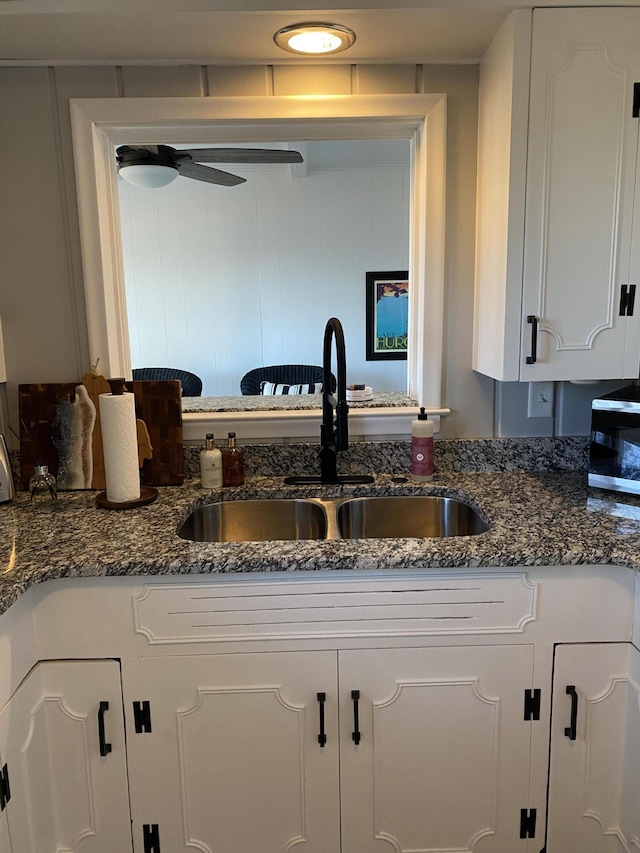 kitchen featuring a sink, dark stone counters, and white cabinets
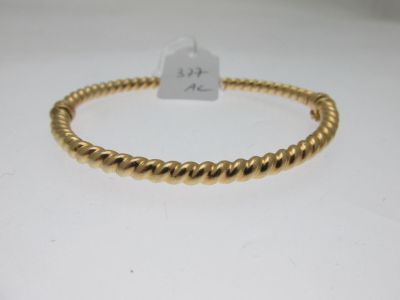 gros plan d'un bracelet en or sur une surface blanche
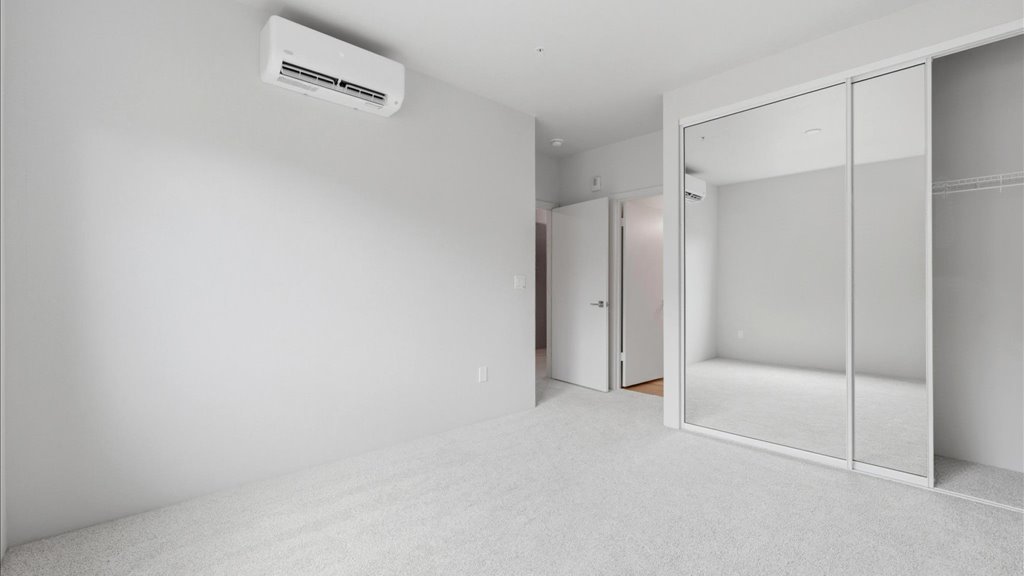 Interior bedroom with sliding closet doors open to bathroom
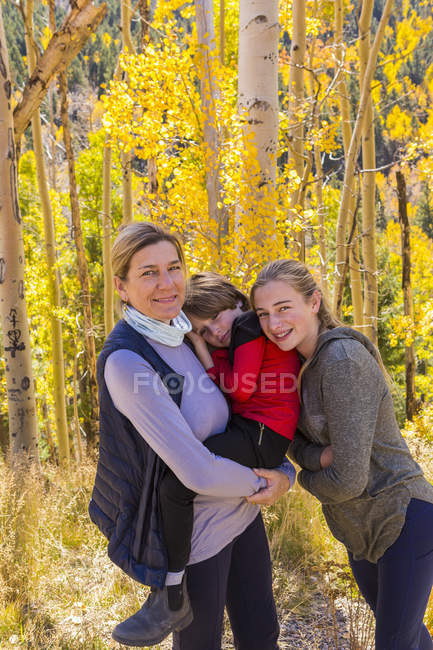 Madura madre con niño y niña posando en el bosque con árboles de álamo en el follaje de otoño - foto de stock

Required work -
Word for word, repeat the data above with the pictures left out.

Exercise solution -
 kitchen featuring a sink, dark stone counters, and white cabinets
 gros plan d'un bracelet en or sur une surface blanche
 Interior bedroom with sliding closet doors open to bathroom
 Madura madre con niño y niña posando en el bosque con árboles de álamo en el follaje de otoño - foto de stock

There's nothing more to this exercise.